Ve doğa, bu kadarını görmezden gelmedi tabii. Sonuç? Kaçınılmaz olan oldu. Şiddetli seller ve önüne geçilemez heyelanlar, iki güzelim Karadeniz ilini adeta bir savaş alanına çevirdi. Rize'nin İyidere ve Derepazarı ilçeleri, suyun ve çamurun gücüne yenik düştü. Yollar artık yok, ulaşım tamamen felç oldu. Araçlar sular altında kaldı, evlerin alt katlarındaki dükkanlar ve iş yerleri, gelen ani su dalgasıyla adeta yok oldu.
Artvin'in Arhavi ilçesi de bu doğal furyadan nasibini aldı. Burada durum biraz daha farklı; heyelanlar başrolde. Toprak kaymaları yüzünden ulaşımın sağlandığı kritik yollar ulaşıma kapatılmak zorunda kaldı. İnsanlar evlerinde mahsur kaldı, dışarıyla bağlantıları koptu. Kim bilir, belki de en çok da o anları yaşayanlar, doğanın ne kadar acımasız olabileceğini bir kez daha anladı.

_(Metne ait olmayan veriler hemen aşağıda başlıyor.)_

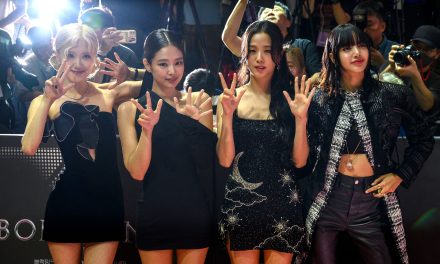 Hallyu: La Ola Coreana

İtfaiye ekipleri ve AFAD görevlileri, sabahın ilk ışıklarıyla birlikte bölgeye intikal etti. Hava koşulları hâlâ zorlu olsa da, insanüstü bir çabayla çalışmalara başladılar. Mahsur kalan vatandaşları kurtarmak, yıkıntılar arasında sıkışıp kalanlara ulaşmak için seferber oldular. İnsan, böyle anlarda dayanışmanın ve görevlilerin özverisinin ne demek olduğunu bir kez daha hatırlıyor.
Peki, bu kadar yağışın sebebi ne? Meteoroloji uzmanları, bu olağanüstü durumu Karadeniz üzerindeki aşırı nemli hava kütlesi ve yerel konvektif faaliyetlerin birleşmesi olarak açıklıyor. Yani, basitçe söylemek gerekirse, tüm koşullar mükemmel (ya da berbat) bir fırtına için bir araya gelmiş. Uzmanlar ayrıca, iklim değişikliğiyle birlikte bu tür aşırı hava olaylarının sıklığının ve şiddetinin artmasının beklendiği konusunda uyarıyor. Korkutucu, değil mi?
Bölge sakinleri ise şok ve endişe içinde. Hayatlarını bir anda altüst eden bu felaketin yaralarını sarmaya çalışıyorlar. Maddi kayıplar bir yana, yaşanan psikolojik travmanın etkileri çok daha uzun sürecek gibi görünüyor. Bu, sadece bir haber değil, yüzlerce insanın gerçek hikayesi.